| Requirement |
Output range, inclusive: from the line containing "La Millou Kocyk" to the line containing "100 Link Samahan". Restate those lines from the data below word for word and only those.

| Provided material |
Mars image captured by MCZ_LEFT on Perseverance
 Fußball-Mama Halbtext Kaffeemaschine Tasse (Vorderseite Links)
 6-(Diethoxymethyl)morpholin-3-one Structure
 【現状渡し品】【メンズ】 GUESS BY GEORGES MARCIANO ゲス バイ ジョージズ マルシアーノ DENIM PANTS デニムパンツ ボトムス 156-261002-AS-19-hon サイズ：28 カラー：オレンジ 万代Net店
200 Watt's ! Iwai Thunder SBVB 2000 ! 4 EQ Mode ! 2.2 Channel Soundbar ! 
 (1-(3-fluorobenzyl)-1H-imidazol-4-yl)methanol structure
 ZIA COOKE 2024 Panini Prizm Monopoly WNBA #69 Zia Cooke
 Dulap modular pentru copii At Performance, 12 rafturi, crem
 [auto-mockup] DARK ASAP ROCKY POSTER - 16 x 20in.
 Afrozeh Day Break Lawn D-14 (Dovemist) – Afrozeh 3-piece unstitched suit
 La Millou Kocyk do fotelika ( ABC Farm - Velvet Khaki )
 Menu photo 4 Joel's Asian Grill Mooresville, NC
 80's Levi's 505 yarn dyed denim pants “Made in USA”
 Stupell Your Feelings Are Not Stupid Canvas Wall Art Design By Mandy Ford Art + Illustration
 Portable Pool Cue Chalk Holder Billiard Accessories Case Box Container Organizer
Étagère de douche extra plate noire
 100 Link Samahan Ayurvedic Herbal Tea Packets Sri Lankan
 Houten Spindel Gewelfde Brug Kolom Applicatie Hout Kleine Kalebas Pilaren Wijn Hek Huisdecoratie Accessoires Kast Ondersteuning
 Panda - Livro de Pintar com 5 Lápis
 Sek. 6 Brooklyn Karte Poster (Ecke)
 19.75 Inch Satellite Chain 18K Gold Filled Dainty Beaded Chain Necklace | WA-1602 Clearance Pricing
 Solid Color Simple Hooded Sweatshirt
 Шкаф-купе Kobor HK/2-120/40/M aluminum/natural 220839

| Reply to the exercise |
 La Millou Kocyk do fotelika ( ABC Farm - Velvet Khaki )
 Menu photo 4 Joel's Asian Grill Mooresville, NC
 80's Levi's 505 yarn dyed denim pants “Made in USA”
 Stupell Your Feelings Are Not Stupid Canvas Wall Art Design By Mandy Ford Art + Illustration
 Portable Pool Cue Chalk Holder Billiard Accessories Case Box Container Organizer
Étagère de douche extra plate noire
 100 Link Samahan Ayurvedic Herbal Tea Packets Sri Lankan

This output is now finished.